## Activity
Below are the records; repeat exactly their lines between the line holding "SENNEBOGEN material handler" and the line holding "Snapshot of devin_ho", inclusive, skipping the pictures.

## Data listing
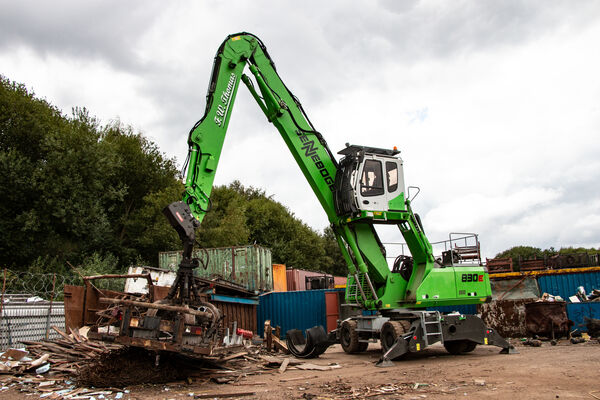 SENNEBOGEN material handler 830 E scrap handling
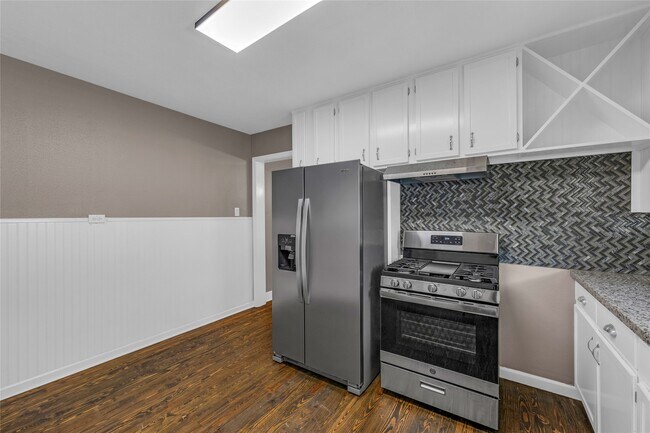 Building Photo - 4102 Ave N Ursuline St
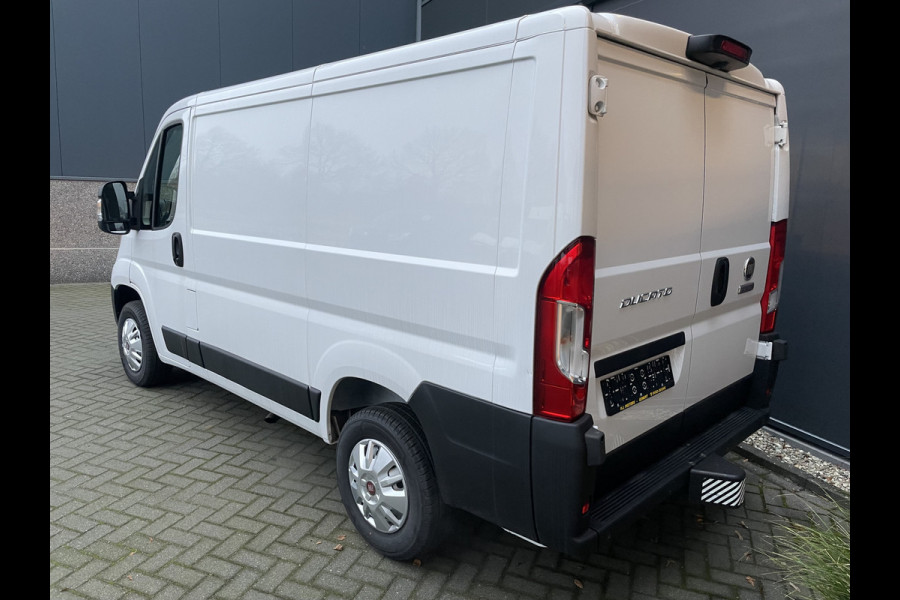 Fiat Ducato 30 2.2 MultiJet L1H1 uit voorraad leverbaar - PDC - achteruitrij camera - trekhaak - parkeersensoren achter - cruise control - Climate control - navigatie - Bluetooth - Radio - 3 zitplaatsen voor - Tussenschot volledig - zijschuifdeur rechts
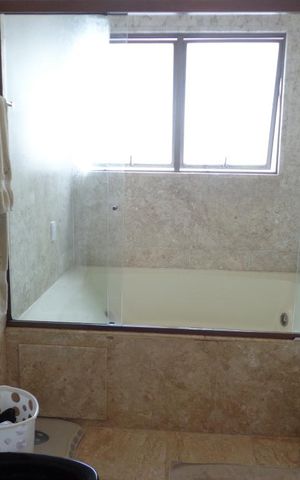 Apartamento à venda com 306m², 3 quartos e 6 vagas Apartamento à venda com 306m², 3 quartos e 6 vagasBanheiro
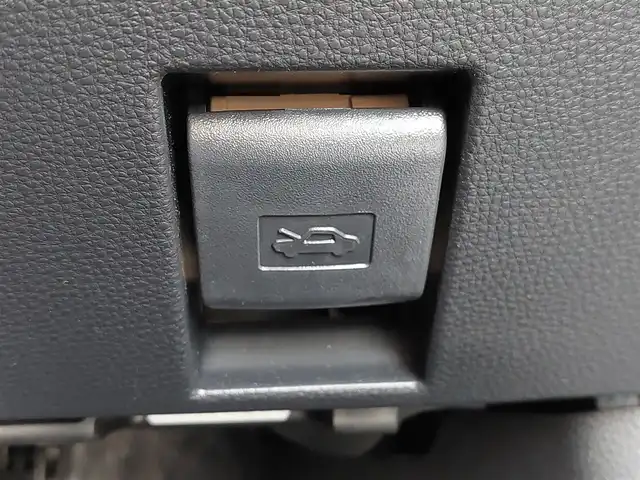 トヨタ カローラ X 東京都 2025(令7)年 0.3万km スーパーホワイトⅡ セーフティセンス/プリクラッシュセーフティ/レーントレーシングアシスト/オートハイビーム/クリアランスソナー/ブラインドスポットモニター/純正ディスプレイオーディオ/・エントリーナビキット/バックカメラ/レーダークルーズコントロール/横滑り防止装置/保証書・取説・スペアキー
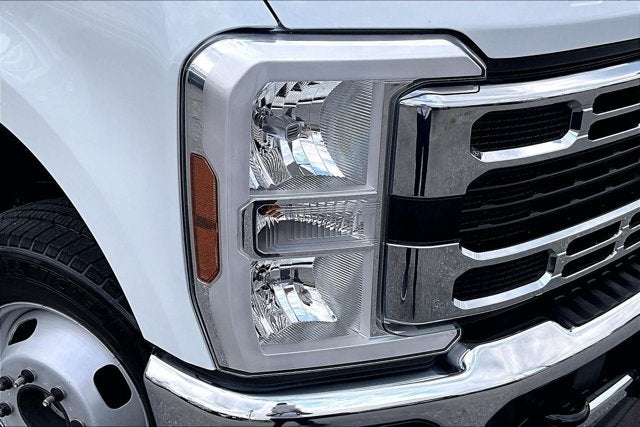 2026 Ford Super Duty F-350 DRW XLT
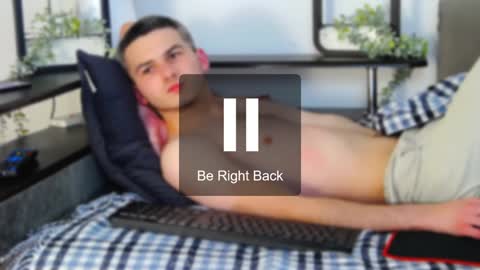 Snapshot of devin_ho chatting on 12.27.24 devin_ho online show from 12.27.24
* * *
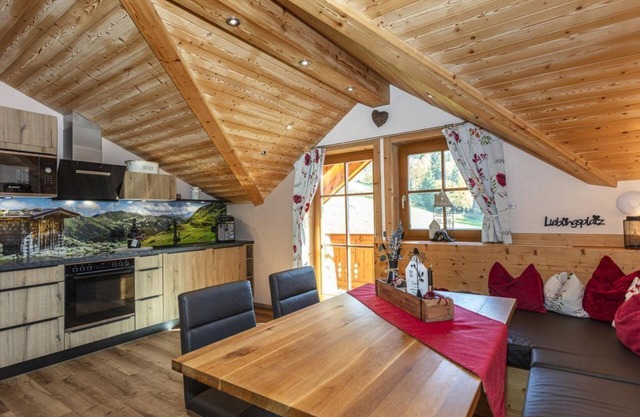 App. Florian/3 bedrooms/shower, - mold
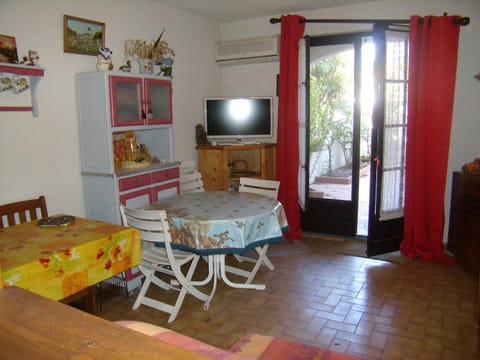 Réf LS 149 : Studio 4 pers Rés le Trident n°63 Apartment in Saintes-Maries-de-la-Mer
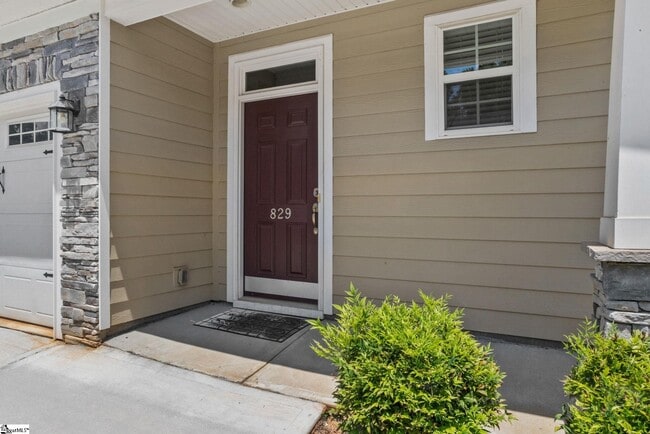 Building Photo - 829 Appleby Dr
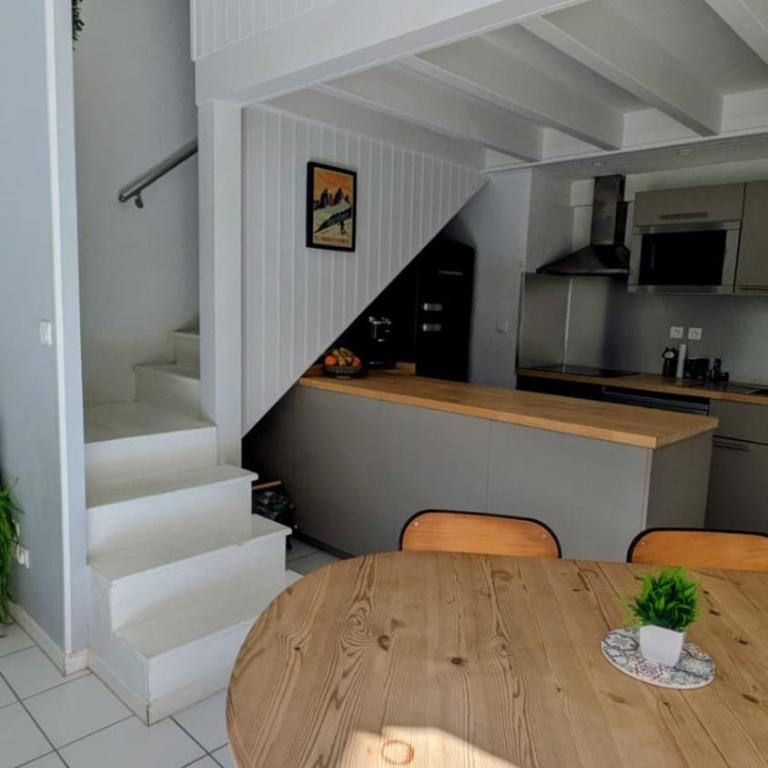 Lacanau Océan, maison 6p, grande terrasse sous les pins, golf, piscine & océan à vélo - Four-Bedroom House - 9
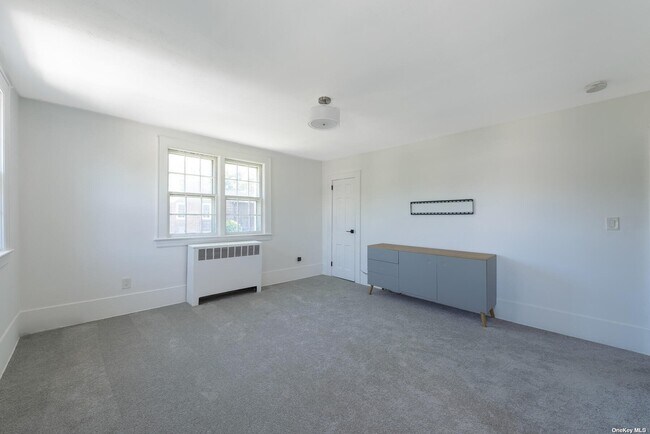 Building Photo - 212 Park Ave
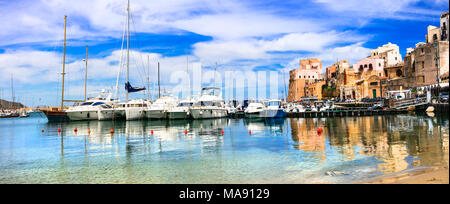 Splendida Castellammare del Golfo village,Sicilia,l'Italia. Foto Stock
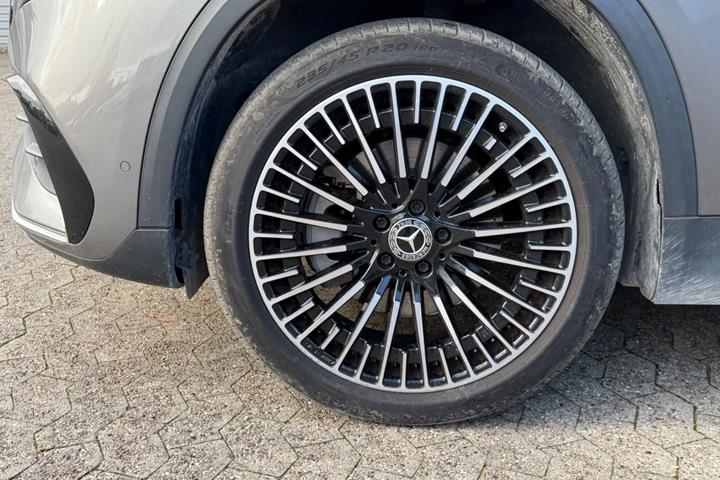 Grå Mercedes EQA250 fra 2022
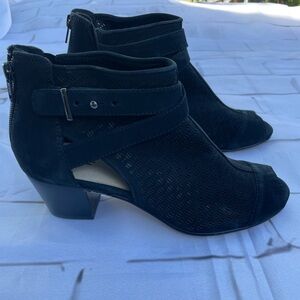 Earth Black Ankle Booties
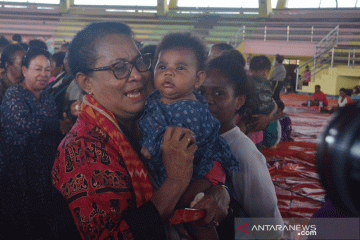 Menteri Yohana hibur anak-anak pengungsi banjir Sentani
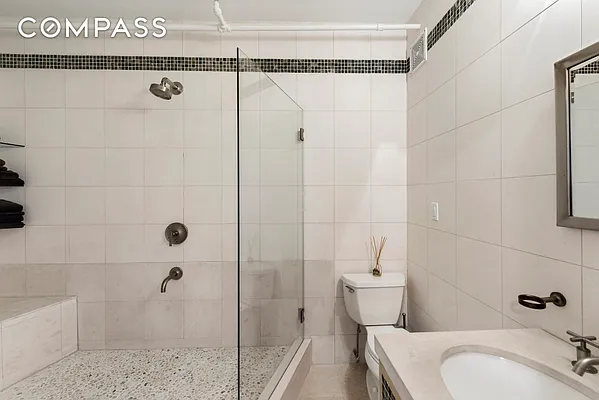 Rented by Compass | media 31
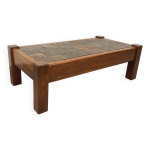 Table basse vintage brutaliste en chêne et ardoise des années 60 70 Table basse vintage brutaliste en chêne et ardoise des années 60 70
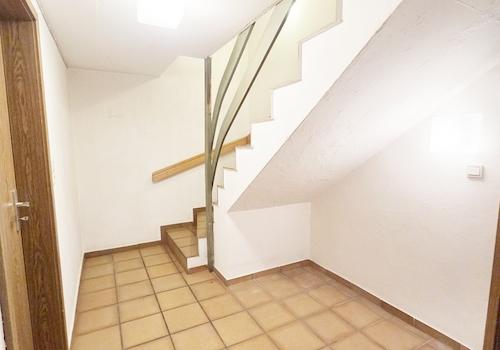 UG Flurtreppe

## Written response
 SENNEBOGEN material handler 830 E scrap handling
 Building Photo - 4102 Ave N Ursuline St
 Fiat Ducato 30 2.2 MultiJet L1H1 uit voorraad leverbaar - PDC - achteruitrij camera - trekhaak - parkeersensoren achter - cruise control - Climate control - navigatie - Bluetooth - Radio - 3 zitplaatsen voor - Tussenschot volledig - zijschuifdeur rechts
 Apartamento à venda com 306m², 3 quartos e 6 vagas Apartamento à venda com 306m², 3 quartos e 6 vagasBanheiro
 トヨタ カローラ X 東京都 2025(令7)年 0.3万km スーパーホワイトⅡ セーフティセンス/プリクラッシュセーフティ/レーントレーシングアシスト/オートハイビーム/クリアランスソナー/ブラインドスポットモニター/純正ディスプレイオーディオ/・エントリーナビキット/バックカメラ/レーダークルーズコントロール/横滑り防止装置/保証書・取説・スペアキー
 2026 Ford Super Duty F-350 DRW XLT
 Snapshot of devin_ho chatting on 12.27.24 devin_ho online show from 12.27.24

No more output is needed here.